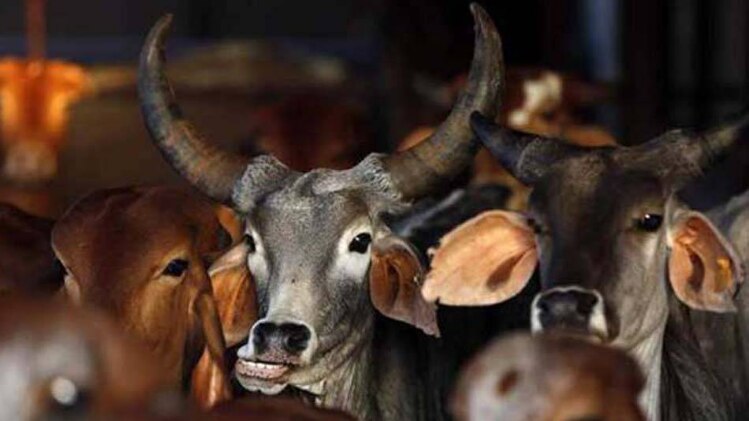 गाय के नाम पर की गई हिंसा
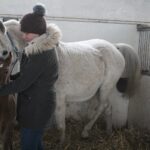 17.01.2020. Michałów. Stadnina koni / Marta Gajda / Radio Kielce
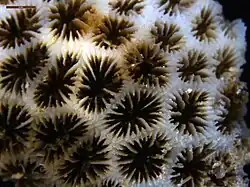 Disposición de coralitos en coralum de L. transversa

= = =

**ASSIGNED TASK:** The copy runs from the line containing "17.01.2020. Michałów. Stadnina" through the last line of the material, both ends included. Reproduce those lines exactly and drop the pictures.

**RESULT OF THE TASK:**
 17.01.2020. Michałów. Stadnina koni / Marta Gajda / Radio Kielce
 Disposición de coralitos en coralum de L. transversa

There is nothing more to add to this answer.